Volcanoes cool the planet. Sulfur dioxide and small particles scatter sunlight, driving down temperatures and plant growth. The Harvard Solar Geoengineering Research Program proposes mimicking volcanoes by throwing “a gazillion reflective particles” into the upper atmosphere to inhibit sunlight. This drastic approach carries unknown, unintended consequences, but time is running out for human intervention.
Scientists believe the world requires a combination of solar geoengineering, carbon emissions reduction, investment in renewable energy and carbon capture.
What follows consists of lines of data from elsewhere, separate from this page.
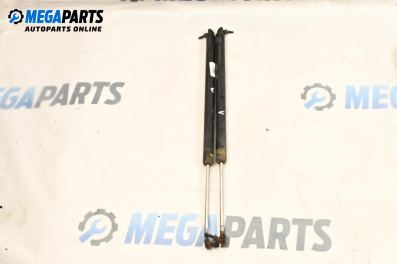 Tije telescopice, portbagaj for Chrysler Grand Voyager III (01.1995 - 03.2001)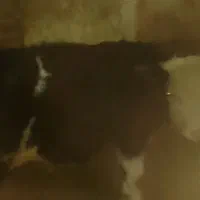 گوساله سمینتال سیاه نر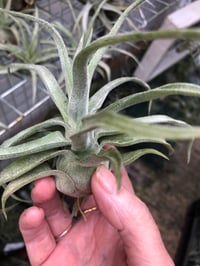 Image 2 of Tillandsia streptophylla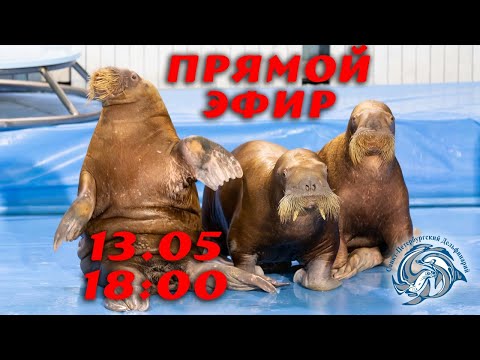 Видео: Моржи. Все об этих удивительных животных!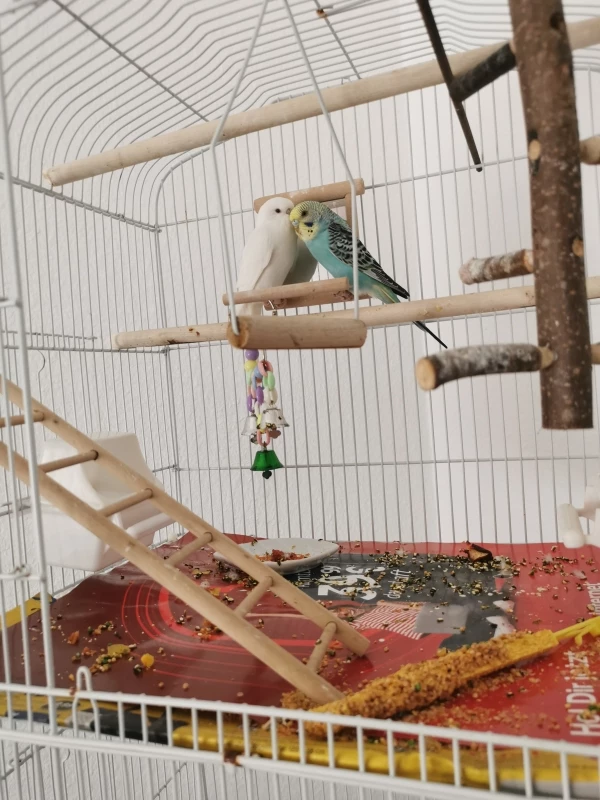 Wellensittich-Bild: Sie lieben es, gemeinsam am Spiegel zu sitzen und zu kuscheln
Engineering efforts may be the best chance for survival for most of the Earth’s natural ecosystems – although perhaps they should no longer be called natural if such engineering systems are ever deployed.Elizabeth Kolbert
Human intervention creates new problems while solving old ones. Failed geoengineering would spike warming, potentially devastating all life on Earth. Using aircraft to disperse particles requires CO2-emitting fuels and 40,000 planes a year; the particles would turn the sky from blue to white, disrupt rainfall patterns, reduce solar energy production and perhaps cause famine.
Massive interventions loom. New York City, for example, is investing in building artificial islands in New York Harbor and connecting them with retractable gates to protect against surge. The bigger the problem, the bigger the solution, which creates another big problem that inevitably requires an even bigger solution. Humanity’s track record suggests that no good will come from more meddling with nature.
Gravitas and Terror
Elizabeth Kolbert’s signature style features her calm, sober voice, no matter how horrifying the climate issues she reports. She doesn’t have to exaggerate to make her points; Kolbert’s reportorial remove makes the issues she illuminates all the more terrifying. Her calmness grants her an incontrovertible gravitas as her carefully researched facts illustrate her theme. Kolbert’s writing, as ever, is gripping and readable. She may not answer every question she raises, but nobody else could, either. Kolbert provides an indispensable, compelling overview for anyone concerned with Earth’s future.
Elizabeth Kolbert also wrote The Sixth Extinction; Field Notes for a Catastrophe; and The Prophet of Love.